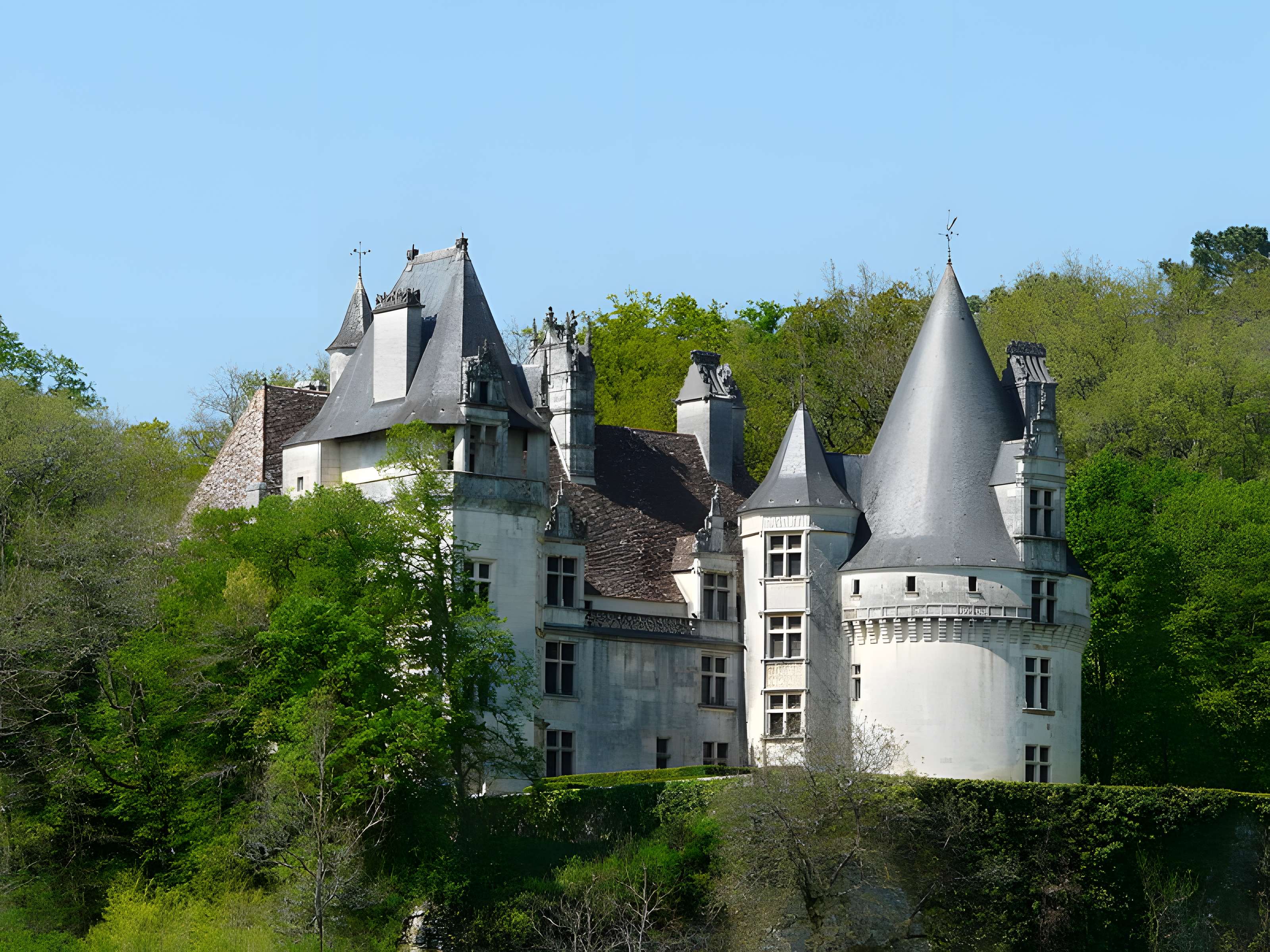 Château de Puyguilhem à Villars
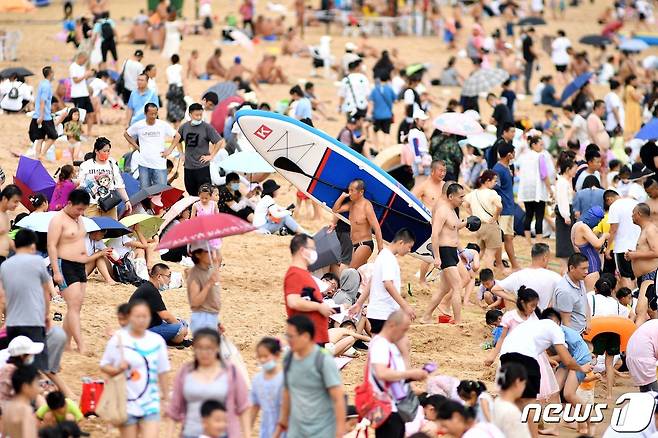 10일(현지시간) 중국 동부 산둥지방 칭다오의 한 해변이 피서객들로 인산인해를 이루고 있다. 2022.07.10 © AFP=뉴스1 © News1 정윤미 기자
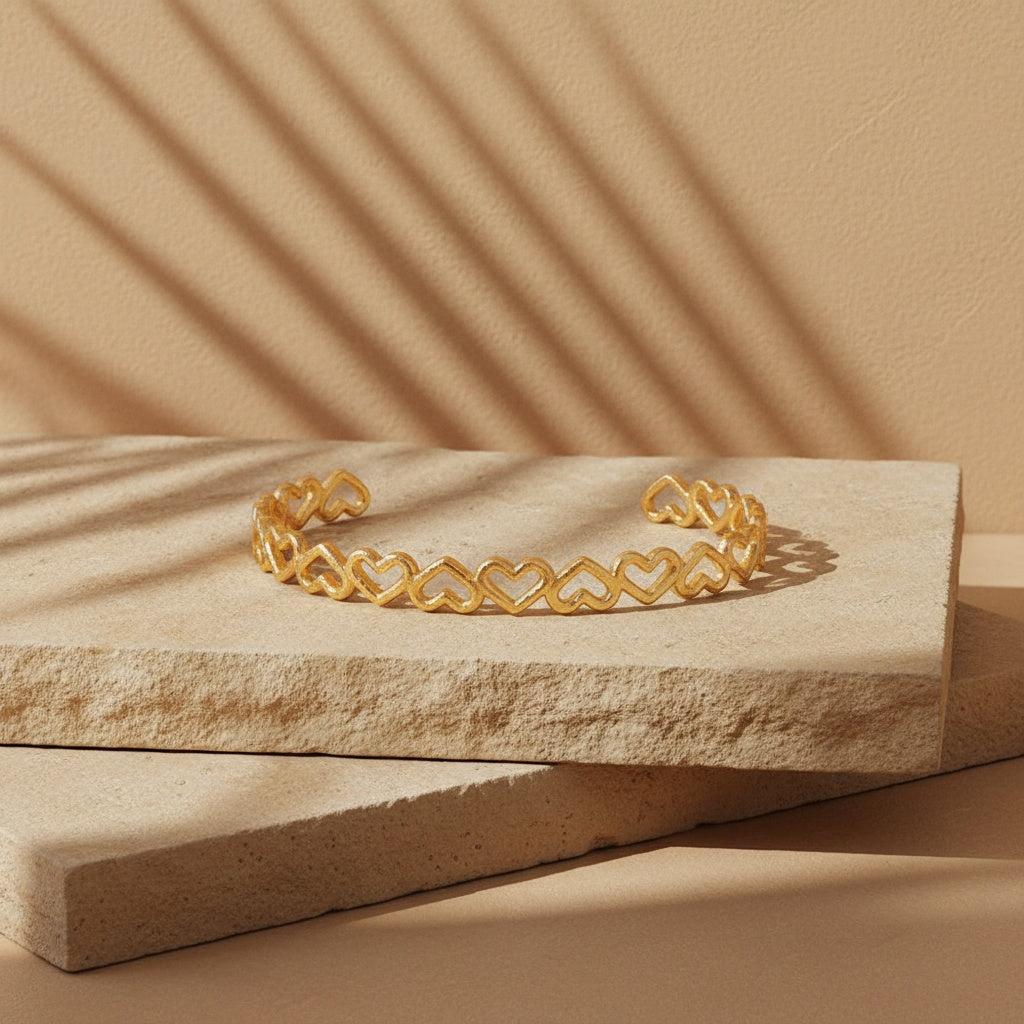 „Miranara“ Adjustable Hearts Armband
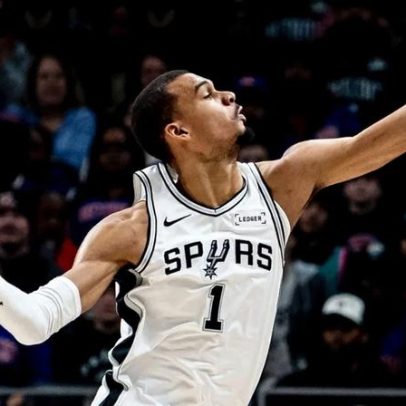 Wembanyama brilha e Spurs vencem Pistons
+ + + + + + +
**EXERCISE:**
Copy exactly the lines running from the line with "10일(현지시간) 중국 동부" to the final line of the listing, keeping both ends and dropping any picture.

**RESPONSE TO THE EXERCISE:**
 10일(현지시간) 중국 동부 산둥지방 칭다오의 한 해변이 피서객들로 인산인해를 이루고 있다. 2022.07.10 © AFP=뉴스1 © News1 정윤미 기자
 „Miranara“ Adjustable Hearts Armband
 Wembanyama brilha e Spurs vencem Pistons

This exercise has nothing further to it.